69. Precariedad
El llanto brotó a destiempo y de forma incontrolada, lo que levantó entre las demás plañideras un murmullo de reproche. Siempre que algo le traía el recuerdo de su Marcelino lloraba a mares, pero la clientela era exigente y le hacía falta el dinero, así que ahogó las lágrimas y se esforzó en componer el semblante. Al cabo de unos minutos, la comitiva salió de la parroquia arropada por el toque a muerto de las campanas. Cuatro familiares portaban el féretro a hombros. Sobre la caja había una corona de flores y el retrato del fallecido, una foto de Marcelino ante la cual la mujer reprimió sus sentimientos mientras, ahora sí, soltaba el lagrimeo remilgado por el que le pagaban. Ya lloraría a moco tendido cuando llegase a casa.
Reprimir los sentimientos es una de las peores impotencias que se pueden padecer. En un ambiente rural donde «el qué dirán» pesa tanto, tener que contenerse en el día a día ya debe de ser costoso, pero más aún cuando el ser querido ha dejado de existir y ni siquiera se puede llorar como el corazón reclama y necesita, sino de forma comedida y en los momentos justos, no sea que nadie sospeche; las plañideras también tienen sus reglas.
La historia de un amor desgraciado, que no tuvo correspondencia ni ningún tipo de alivio. En un caso así una fotografía o el recuerdo mismo no hacen sino azuzar el sufrimiento.

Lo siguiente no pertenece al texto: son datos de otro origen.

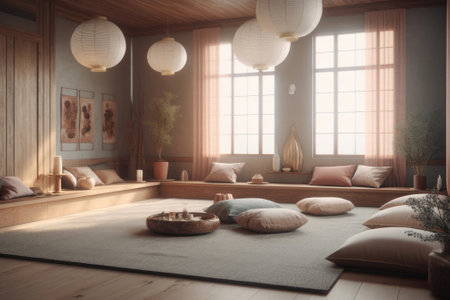 The meditation room presents a peaceful setting with individuals seated on cushions, imagery in muted tones to evoke calmness. - image generated with Generative AIの素材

Un verdadero drama el de esta profesional de las lágrimas, que, de forma paradójica, no puede emplear cómo y cuando quisiera.
Un abrazo, Lluis. Suerte
Gracias por tu comentario, Ángel. Efectivamente, tras una pérdida, qué puede haber peor que estar todo el día llorando pero no poder llorar como deseas a tus propios seres queridos. Un abrazo, amigo.